Although the commonest (classical) form of GBS causes weakness and sensory loss throughout the whole body, some people with GBS may have one of several variants which look different.
Pattern of symptoms in variants of Guillain–Barré syndrome
These variants include:
- weakness without sensory loss (pure motor variant, usually AMAN)
- weakness only in face and cranial nerves (facial palsy with paraesthesias):
- weak face, tingling in the arms/legs but no weakness in the arm/legs,
- weakness only in arms, neck and throat (pharyngeal–cervical–brachial variant)
- weakness only in legs (paraparetic variant)
- Miller Fisher syndrome (MFS).
GBS variants are rarely ‘pure’ but often overlap in part with classical GBS. Antibodies to molecules called gangliosides are found in many of these variants, but not usually in classical AIDP.
Miller Fisher syndrome and variants
Miller Fisher syndrome (MFS) is also known as Fisher’s syndrome. MFS typically causes
- abnormal coordination (‘ataxia’, such as clumsiness and poor balance as if drunk),
- paralysis of eye movements (‘ophthalmoplegia’, which may cause difficulty reading or double vision), and
- absent tendon reflexes (‘areflexia’, detectable by a doctor but causes no symptoms).
Often there is weakness of the face but many people have no weakness.
Variants of Miller Fisher syndrome
- Some people with MFS also have weakness of the whole body and are then considered to have an overlap of both MFS and GBS. The speed of recovery is largely determined by the severity of the GBS.
- If GBS causes weakness of eye movements (which it usually doesn’t) this is also an overlap with MFS.
- Rare milder variants of MFS may have weakness only of eye movements (‘acute ophthalmoparesis’).

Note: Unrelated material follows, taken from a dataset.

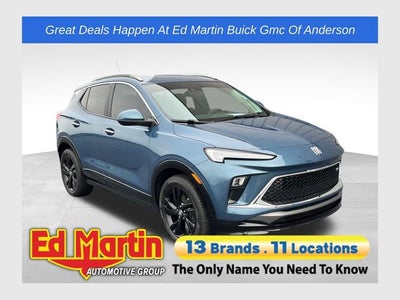 2024 Buick Encore GX Sport Touring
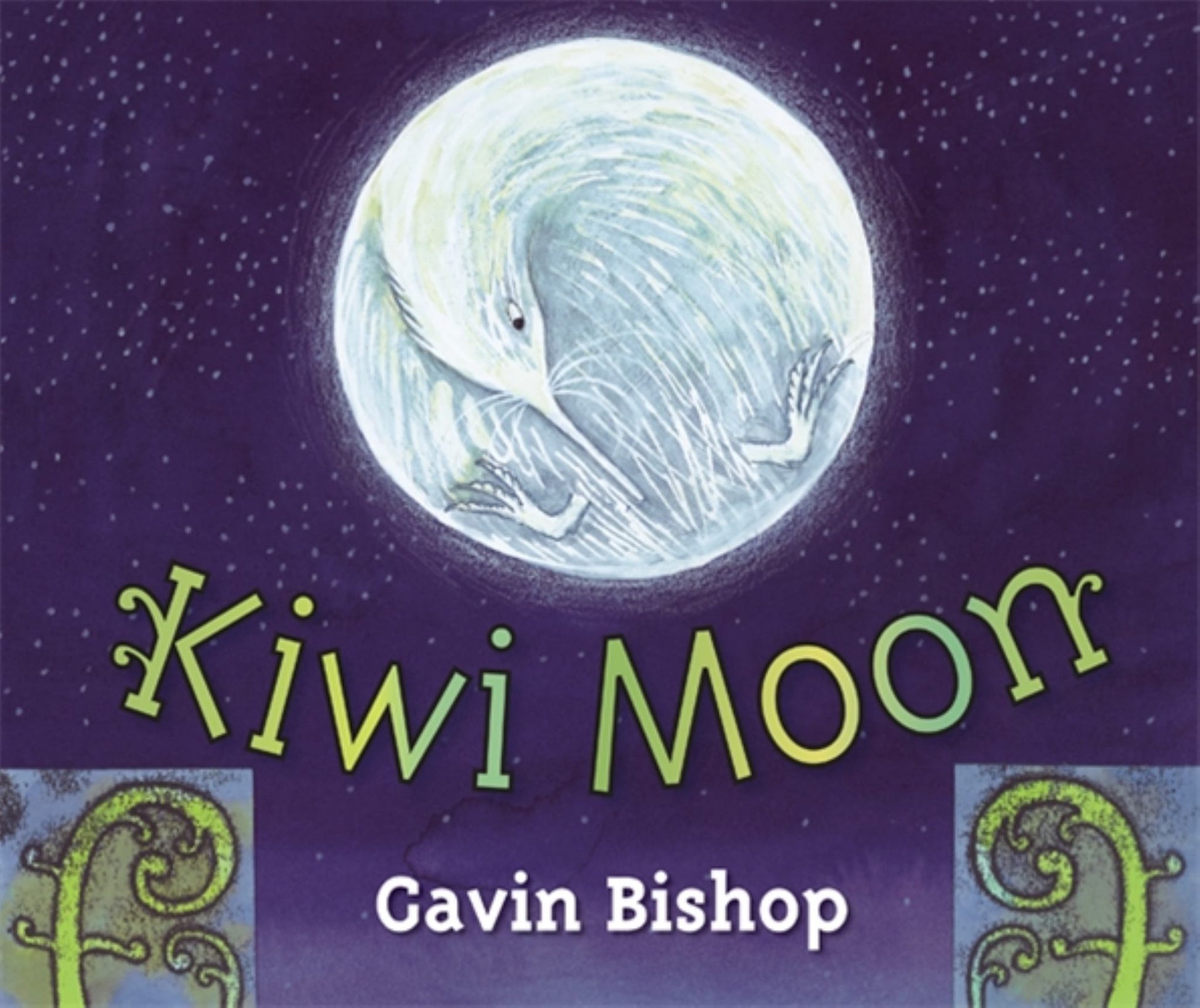 Kiwi Moon Cover Image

- Bickerstaff’s brainstem encephalitis (BBE) means MFS with additional inflammation of the brainstem. This typically causes drowsiness or reduced consciousness, often with whole-body weakness, and may be shown on MRI scanning or by neurological examination. BBE is the only variant of GBS affecting the brain; otherwise GBS and MFS affect only the peripheral nerves not the brain.
Antibodies to ganglioside GQ1b (IgG type) are found in most patients with MFS and its variants (but not other types of GBS), suggesting they are all closely related.
About two thirds of people who develop GBS had an infection within the preceding six weeks. Usually this is a fever, chest infection, or flu-like illness without detecting a specific infecting organism.
If a specific infection is found, the most common is Campylobacter bacteria which causes severe diarrhoea, typically caught by food poisoning such as from eating under-cooked chicken. Other specific infections that are proven sometimes to trigger GBS include: influenza, Haemophilus influenzae, mycoplasma pneumoniae, hepatitis A, hepatitis E, cytomegalovirus (CMV), glandular fever (Epstein-Barr virus), and Zika. Most of these just cause mild flu-like symptoms or a chest infection.
Most people who catch these infections don’t develop GBS. GBS only happens rarely if the infection triggers a sort of allergic reaction of the immune system against a person’s nerves. After Campylobacter infection the risk of developing GBS is under 1 in 1,000.
GBS is sometimes triggered by major surgery including transplant surgery. Rarely GBS is triggered by certain biological drugs used for treating cancer or other diseases. Sometimes, no trigger or infection can be identified.